Your answer must be the listing repeated word for word, without its pictures.

Dataset excerpt —
--- START ---

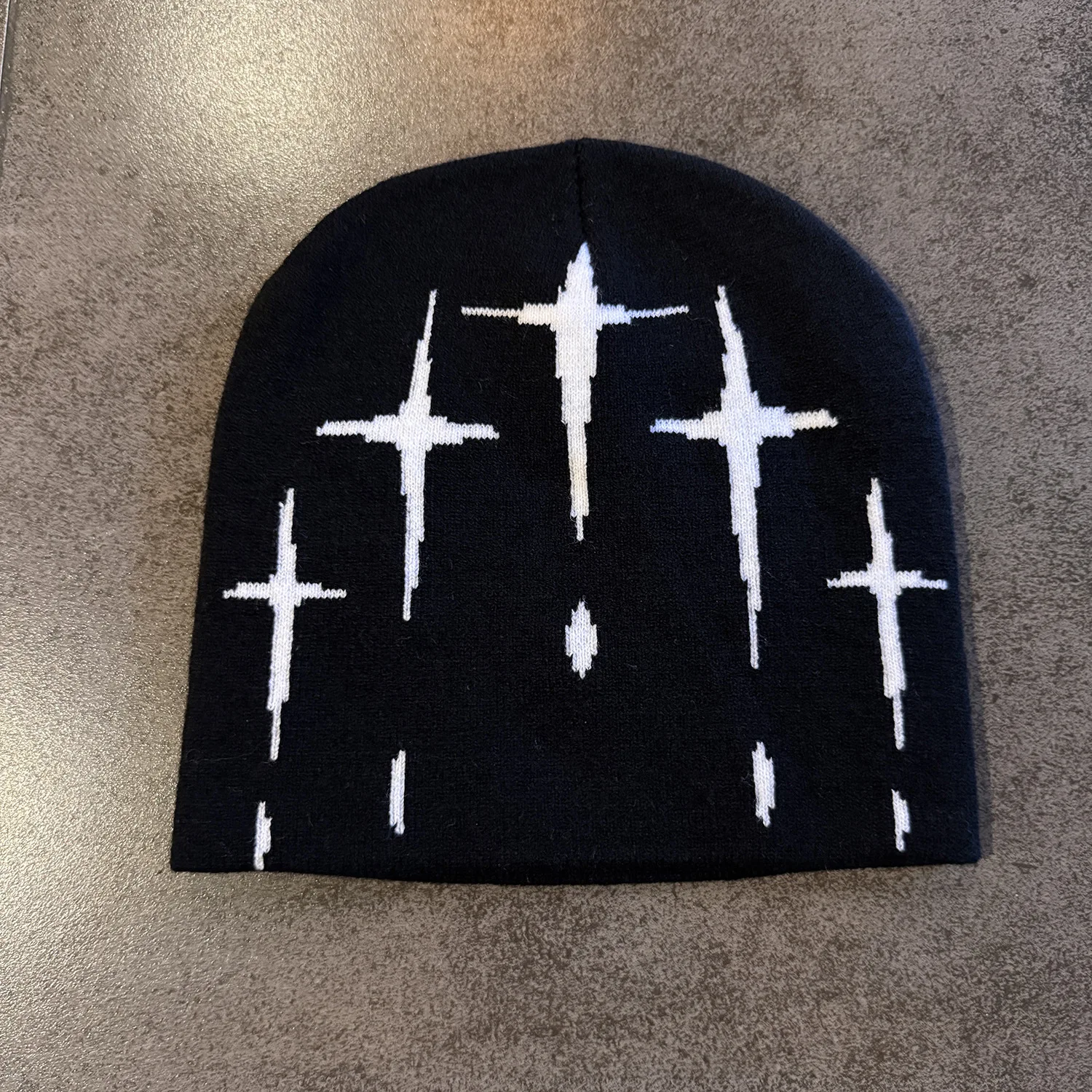 Cross Star Jacquard Knitted Beanies Hats Women Men Skullcap Spring Autumn Keep Warm Cold Hat Unisex Hiphop Gorras Windproof Hat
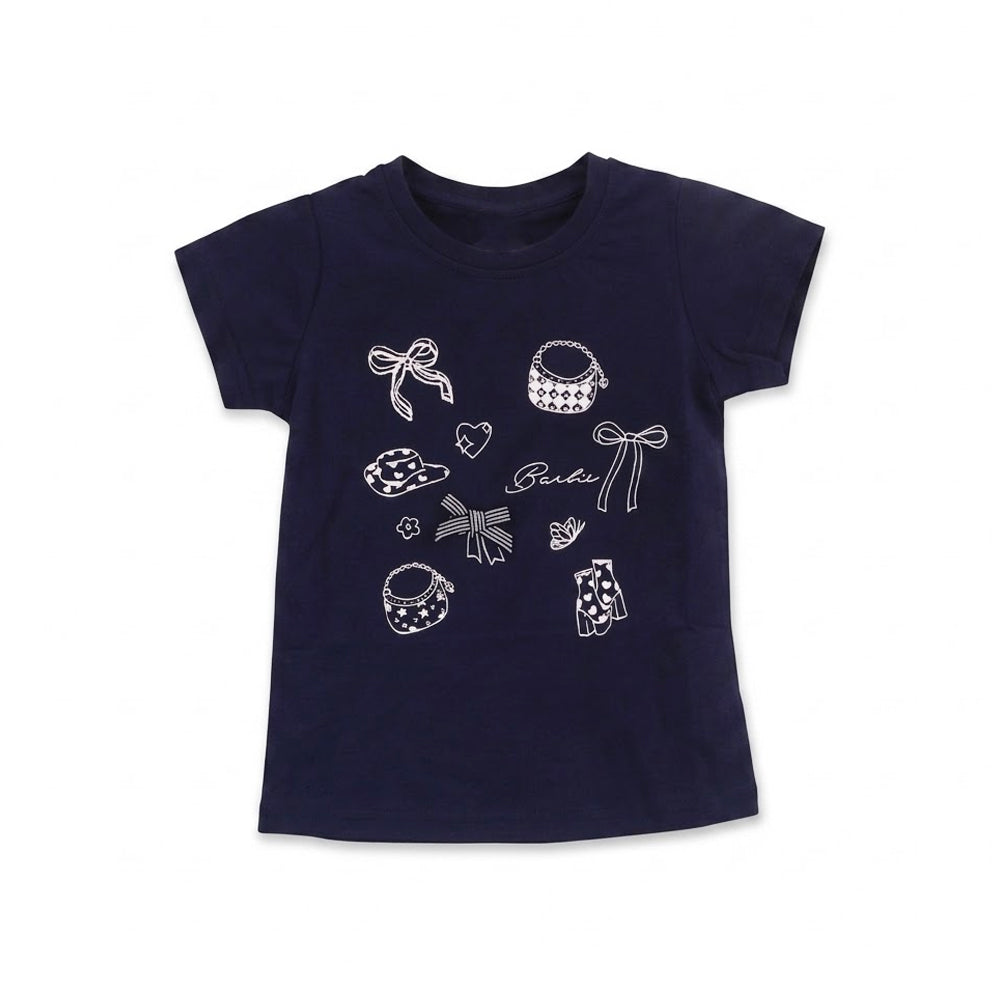 GIRLS S/S KNIT BLOUSE PRINTED NAVY BLUE IR 2-3 YEAR S092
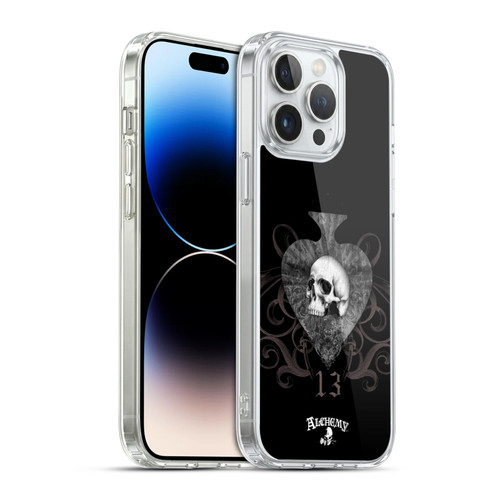 Alchemy Gothic Skull And Cards Death Club Soft Gel Case for Apple iPhone 14 Pro Max & MagSafe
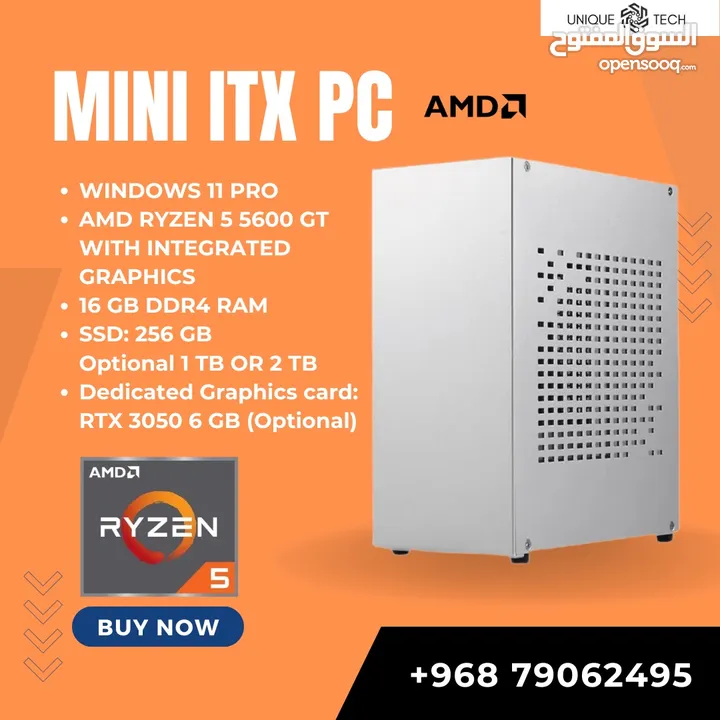 Mini Gaming PC ITX AMD Ryzen 5 5600GT 16 GB Ram 256 GB SSD RTX 3050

--- END ---

Reply —
 Cross Star Jacquard Knitted Beanies Hats Women Men Skullcap Spring Autumn Keep Warm Cold Hat Unisex Hiphop Gorras Windproof Hat
 GIRLS S/S KNIT BLOUSE PRINTED NAVY BLUE IR 2-3 YEAR S092
 Alchemy Gothic Skull And Cards Death Club Soft Gel Case for Apple iPhone 14 Pro Max & MagSafe
 Mini Gaming PC ITX AMD Ryzen 5 5600GT 16 GB Ram 256 GB SSD RTX 3050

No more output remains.